* Problem to solve *
Counting the line with "Poster a futuristic" as the last one, copy out the lines of the data exactly from the first onward.

* Extracted entries *
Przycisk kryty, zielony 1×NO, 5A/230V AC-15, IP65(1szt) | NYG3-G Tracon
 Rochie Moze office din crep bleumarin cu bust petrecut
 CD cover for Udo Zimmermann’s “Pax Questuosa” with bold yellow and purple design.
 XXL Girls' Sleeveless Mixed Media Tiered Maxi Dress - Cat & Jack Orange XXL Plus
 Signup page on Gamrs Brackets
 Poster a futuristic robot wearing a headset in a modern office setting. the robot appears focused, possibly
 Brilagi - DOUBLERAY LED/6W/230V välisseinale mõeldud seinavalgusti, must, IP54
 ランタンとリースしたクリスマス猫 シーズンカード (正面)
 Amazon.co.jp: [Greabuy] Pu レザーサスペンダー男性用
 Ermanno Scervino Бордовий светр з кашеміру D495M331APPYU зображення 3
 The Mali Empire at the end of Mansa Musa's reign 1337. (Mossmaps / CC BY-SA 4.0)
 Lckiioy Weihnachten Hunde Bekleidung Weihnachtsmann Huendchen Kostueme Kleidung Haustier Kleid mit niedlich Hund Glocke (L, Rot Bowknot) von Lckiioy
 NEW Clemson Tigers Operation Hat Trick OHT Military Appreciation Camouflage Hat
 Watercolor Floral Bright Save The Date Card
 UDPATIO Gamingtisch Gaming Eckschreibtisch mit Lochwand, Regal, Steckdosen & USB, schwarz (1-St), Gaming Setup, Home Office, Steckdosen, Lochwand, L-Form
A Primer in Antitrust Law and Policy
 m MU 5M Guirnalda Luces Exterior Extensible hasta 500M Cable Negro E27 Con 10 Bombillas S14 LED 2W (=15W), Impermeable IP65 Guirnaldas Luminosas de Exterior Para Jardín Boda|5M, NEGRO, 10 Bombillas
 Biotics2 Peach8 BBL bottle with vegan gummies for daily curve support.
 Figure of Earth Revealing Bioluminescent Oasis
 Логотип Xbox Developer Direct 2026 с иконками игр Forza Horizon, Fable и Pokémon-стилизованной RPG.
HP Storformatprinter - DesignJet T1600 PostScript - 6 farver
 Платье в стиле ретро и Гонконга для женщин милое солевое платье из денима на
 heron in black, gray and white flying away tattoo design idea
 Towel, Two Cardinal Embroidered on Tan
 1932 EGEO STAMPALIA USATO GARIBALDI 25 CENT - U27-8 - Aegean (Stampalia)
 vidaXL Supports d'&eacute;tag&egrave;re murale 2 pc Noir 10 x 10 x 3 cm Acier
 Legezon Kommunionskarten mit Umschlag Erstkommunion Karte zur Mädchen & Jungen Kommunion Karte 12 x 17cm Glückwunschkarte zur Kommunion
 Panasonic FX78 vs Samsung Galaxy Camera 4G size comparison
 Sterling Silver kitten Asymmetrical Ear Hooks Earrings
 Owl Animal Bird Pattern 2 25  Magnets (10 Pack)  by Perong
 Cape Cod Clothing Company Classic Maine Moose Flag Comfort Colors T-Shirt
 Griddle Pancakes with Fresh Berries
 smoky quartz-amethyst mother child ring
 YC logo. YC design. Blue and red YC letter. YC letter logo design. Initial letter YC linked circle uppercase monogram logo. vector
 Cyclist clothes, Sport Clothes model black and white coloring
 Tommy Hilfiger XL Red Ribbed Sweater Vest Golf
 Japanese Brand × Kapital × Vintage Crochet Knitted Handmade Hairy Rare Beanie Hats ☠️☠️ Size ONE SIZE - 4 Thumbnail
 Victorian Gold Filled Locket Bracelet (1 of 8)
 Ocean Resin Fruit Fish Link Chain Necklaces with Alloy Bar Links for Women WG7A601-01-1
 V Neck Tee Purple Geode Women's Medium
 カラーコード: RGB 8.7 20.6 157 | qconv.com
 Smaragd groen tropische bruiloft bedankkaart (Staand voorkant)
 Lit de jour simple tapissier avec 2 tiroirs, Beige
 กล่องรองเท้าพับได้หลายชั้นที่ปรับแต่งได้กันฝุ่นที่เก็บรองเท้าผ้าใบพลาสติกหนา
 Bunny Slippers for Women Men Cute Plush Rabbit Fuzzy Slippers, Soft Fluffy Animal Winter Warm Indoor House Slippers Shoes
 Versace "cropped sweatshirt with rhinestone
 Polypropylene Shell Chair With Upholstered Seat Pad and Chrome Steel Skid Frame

* Written answer *
Przycisk kryty, zielony 1×NO, 5A/230V AC-15, IP65(1szt) | NYG3-G Tracon
 Rochie Moze office din crep bleumarin cu bust petrecut
 CD cover for Udo Zimmermann’s “Pax Questuosa” with bold yellow and purple design.
 XXL Girls' Sleeveless Mixed Media Tiered Maxi Dress - Cat & Jack Orange XXL Plus
 Signup page on Gamrs Brackets
 Poster a futuristic robot wearing a headset in a modern office setting. the robot appears focused, possibly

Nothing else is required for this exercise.